== Segment start ==
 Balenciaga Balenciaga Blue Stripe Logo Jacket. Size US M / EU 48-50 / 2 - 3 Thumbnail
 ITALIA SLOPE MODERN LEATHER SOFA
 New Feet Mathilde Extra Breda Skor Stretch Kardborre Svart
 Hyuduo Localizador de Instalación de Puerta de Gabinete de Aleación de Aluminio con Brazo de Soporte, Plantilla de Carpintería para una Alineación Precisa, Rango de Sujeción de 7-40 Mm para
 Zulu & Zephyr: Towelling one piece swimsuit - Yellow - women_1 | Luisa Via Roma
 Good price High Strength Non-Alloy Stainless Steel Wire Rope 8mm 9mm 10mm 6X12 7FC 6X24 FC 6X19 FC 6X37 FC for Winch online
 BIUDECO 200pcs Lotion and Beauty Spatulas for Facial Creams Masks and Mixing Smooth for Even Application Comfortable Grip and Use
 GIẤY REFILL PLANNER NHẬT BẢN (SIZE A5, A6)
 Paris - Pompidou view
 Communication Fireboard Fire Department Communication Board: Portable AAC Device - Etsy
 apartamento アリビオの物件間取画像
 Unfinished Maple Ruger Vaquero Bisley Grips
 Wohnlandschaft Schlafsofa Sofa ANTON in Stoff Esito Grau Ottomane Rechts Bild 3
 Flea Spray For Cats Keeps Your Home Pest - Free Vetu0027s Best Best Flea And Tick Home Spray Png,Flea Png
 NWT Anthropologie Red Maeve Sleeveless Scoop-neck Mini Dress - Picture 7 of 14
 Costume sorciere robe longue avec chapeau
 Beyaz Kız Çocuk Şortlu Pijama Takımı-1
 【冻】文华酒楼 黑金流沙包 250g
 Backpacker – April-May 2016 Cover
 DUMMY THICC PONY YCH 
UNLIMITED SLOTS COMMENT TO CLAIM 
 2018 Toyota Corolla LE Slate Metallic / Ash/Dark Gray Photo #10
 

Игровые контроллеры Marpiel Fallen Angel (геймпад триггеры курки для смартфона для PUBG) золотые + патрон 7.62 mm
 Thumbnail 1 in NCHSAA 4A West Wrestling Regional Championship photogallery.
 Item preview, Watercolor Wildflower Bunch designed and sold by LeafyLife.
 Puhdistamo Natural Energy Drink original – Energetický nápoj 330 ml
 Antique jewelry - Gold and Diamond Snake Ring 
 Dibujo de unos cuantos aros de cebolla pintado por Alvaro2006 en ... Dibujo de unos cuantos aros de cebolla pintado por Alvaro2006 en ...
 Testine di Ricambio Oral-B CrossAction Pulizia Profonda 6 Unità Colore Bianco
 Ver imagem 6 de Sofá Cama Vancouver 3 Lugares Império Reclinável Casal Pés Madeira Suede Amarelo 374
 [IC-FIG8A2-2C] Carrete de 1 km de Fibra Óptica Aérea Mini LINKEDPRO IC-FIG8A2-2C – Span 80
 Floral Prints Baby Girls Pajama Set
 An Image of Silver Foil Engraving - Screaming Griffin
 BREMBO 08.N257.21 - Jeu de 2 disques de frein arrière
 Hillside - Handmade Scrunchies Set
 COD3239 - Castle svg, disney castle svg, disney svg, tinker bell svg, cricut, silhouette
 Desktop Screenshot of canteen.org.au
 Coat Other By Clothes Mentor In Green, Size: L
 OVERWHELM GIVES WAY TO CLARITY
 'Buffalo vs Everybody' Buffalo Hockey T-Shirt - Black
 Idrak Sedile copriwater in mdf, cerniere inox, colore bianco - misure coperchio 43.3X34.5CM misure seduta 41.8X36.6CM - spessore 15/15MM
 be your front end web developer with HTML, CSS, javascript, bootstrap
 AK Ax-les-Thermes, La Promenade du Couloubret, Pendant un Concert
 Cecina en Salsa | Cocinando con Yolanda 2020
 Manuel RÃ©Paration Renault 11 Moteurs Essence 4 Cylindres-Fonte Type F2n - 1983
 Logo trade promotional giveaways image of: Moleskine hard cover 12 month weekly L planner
== Segment end ==
Beginning with the line holding "Flea Spray For" and ending with the line holding "Игровые контроллеры Marpiel", write out the stretch of material above exactly; add no further lines.

 Flea Spray For Cats Keeps Your Home Pest - Free Vetu0027s Best Best Flea And Tick Home Spray Png,Flea Png
 NWT Anthropologie Red Maeve Sleeveless Scoop-neck Mini Dress - Picture 7 of 14
 Costume sorciere robe longue avec chapeau
 Beyaz Kız Çocuk Şortlu Pijama Takımı-1
 【冻】文华酒楼 黑金流沙包 250g
 Backpacker – April-May 2016 Cover
 DUMMY THICC PONY YCH 
UNLIMITED SLOTS COMMENT TO CLAIM 
 2018 Toyota Corolla LE Slate Metallic / Ash/Dark Gray Photo #10
 

Игровые контроллеры Marpiel Fallen Angel (геймпад триггеры курки для смартфона для PUBG) золотые + патрон 7.62 mm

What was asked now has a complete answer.